First let me qualify what I mean when I refer to the “wine snob”. I’ve worked in the wine industry for more than two decades and have regularly come in contact with this species of wine love. In general they tend to believe that wine and only wine can rise to great aesthetic heights. They have a good knowledge of wine, but tend to gravitate toward hard and fast rules as to what makes a wine good and what characteristics make a wine bad. Too often they are label drinkers, but not always. Most importantly, they tend to be dismissive of tastes that don’t match their own. They can be obnoxious.
However, the frequent distaste for cider and the idea of cider they show can be overcome. Some who understand and appreciate the diversity and complexity and cultural importance of cider might ask, “what’s the point of trying to convert the wine snob?” The question is legitimate, if not a little disdainful. The answer is this: The more people drinking fine craft cider, the more fine craft cider that will be produced. And that’s good for everyone.
Following are the best tactics for converting the wine snob to cider
1. Meet and Exceed Their Expectations
The Wine Snob will likely expect one thing from cider: sweet. When pouring cider for them meet that expectation, but then move beyond it. Show them a very sweet cider (probably a commercial brand), but only serve it alongside a much drier, more complex, balanced cider.
2. Give Them Texture
Wine snobs are accustomed to examining the textural components of wine and speak a lot about the acids and tannin in wine. Open a cider that delivers a more forward tannic profile. This will be unexpected. It will also be familiar.
3. Show Them Variety
Wine Snobs deal in “Varietals”, that is: Cabernet Sauvignon, Merlot, Albarino, Pinot Noir—wines made from a single varietal. They likely have no idea that there are many single varietal ciders.
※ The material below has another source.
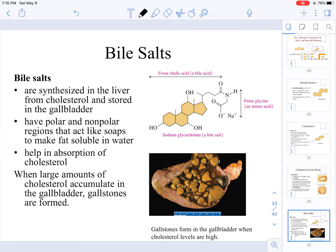There are other important molecules derived from cholesterol, and one of those is bile salts. Bile salts are synthesized in the liver from cholesterol, but they are stored in the gallbladder. The reason why bile salts are important is because they have polar and non-polar regions that act like soaps, and they make fat soluble in water.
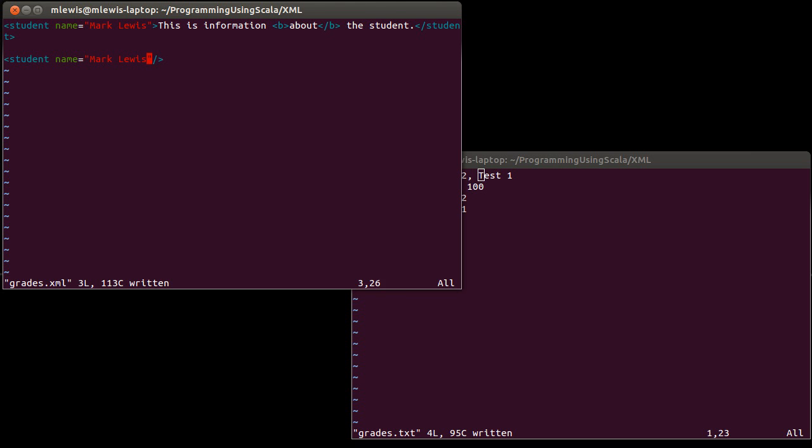So an attribute always has the format of the name of the attribute and an equal sign followed by a string in quotes. If you've played with HTML, HTML doesn't always require these quotes. Your XML needs to have the quotes. That is a requirement for it to be properly formatted XML.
Once shown a cider produced primarily from the Baldwin or Gravenstein or Kingston Black or Newtown Pippin, they will have a familiar context in which to understand cider and likely appreciate the drink much more.
4. Show them the Territory
“Terroir”. It is the organizing principle for any self-respecting wine snob. They understand wine in the context of where the grapes were grown and the wine culture of that region. When you introduce the wine snob to cider, make point of emphasizing that the apples were grown in a very specific place where certain apples rise to particular quality. Show them the Up-State New York Cider, then the Virginia Cider, then the Sonoma County Cider, then the cider from the Willamette Valley in Oregon. Extra points are gained for showing them cider made from apples grown in recognized winemaking regions like the Willamette Valley, Sonoma County or the Finger Lakes region of New York.
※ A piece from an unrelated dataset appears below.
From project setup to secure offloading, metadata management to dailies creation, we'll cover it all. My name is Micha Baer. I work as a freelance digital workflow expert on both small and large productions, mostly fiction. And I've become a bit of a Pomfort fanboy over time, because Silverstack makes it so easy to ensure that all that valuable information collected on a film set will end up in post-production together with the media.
I don’t mind the wine snob. In fact, I use the term lovingly. For all the snobs that act pretentious and dismissive and boorish, you’ll find snobs that possess a genuine love and fascination with wine and its culture. That same love and fascination they possess for wine can be turned on cider for all the reasons they admire the fruit of the vine.
All it takes to turn them is demonstrating that cider is much more like wine than it is beer, made like wine and can often in its craft form possesses the same complexities and delights as wine.